My instruction point is in the 2nd register and I noticed that when it has value 1, it is when the loop starts, so I just need to get the number at position 4th in the registry and compute the sum of its divisors. So I added this instruction:

  # Specialized instruction for part 2.
  # The problem is basically computing the sum of all numbers in register 3.
  defp compute(_ip, _instructions, {_, 1, 0, number, _, _}) do
    Enum.sum(for i <- 1..number, rem(number, i) == 0, do: i)
  end

Both parts finish in 0.6 seconds. This is by far the puzzle that took me the longest.

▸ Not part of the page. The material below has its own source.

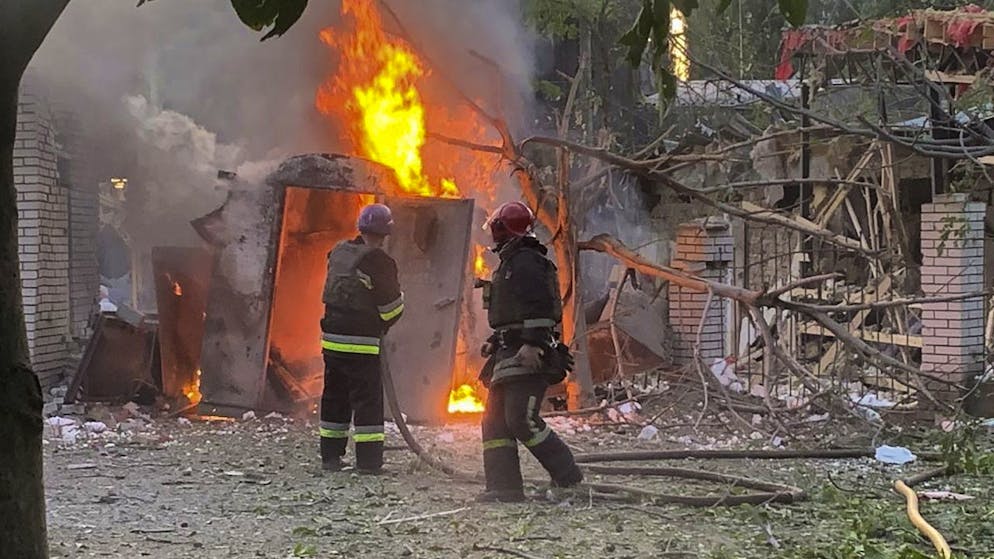 Secondo la società ucraina Energoatom, l'impianto di Zaporizhzhia è "sull'orlo del blackout" dopo l'ennesimo taglio del collegamento alla linea principale ad alta tensione.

I actually wrote a decompiler/debugger in Elixir to poke with the program. It was sooo much fun!

With the tool at hand, after a few initial steps in which the program initializes the register 5 with a big number, I could run “seti 10 0 5” while the program was running. After that it was quite easy to trace what the program is computing.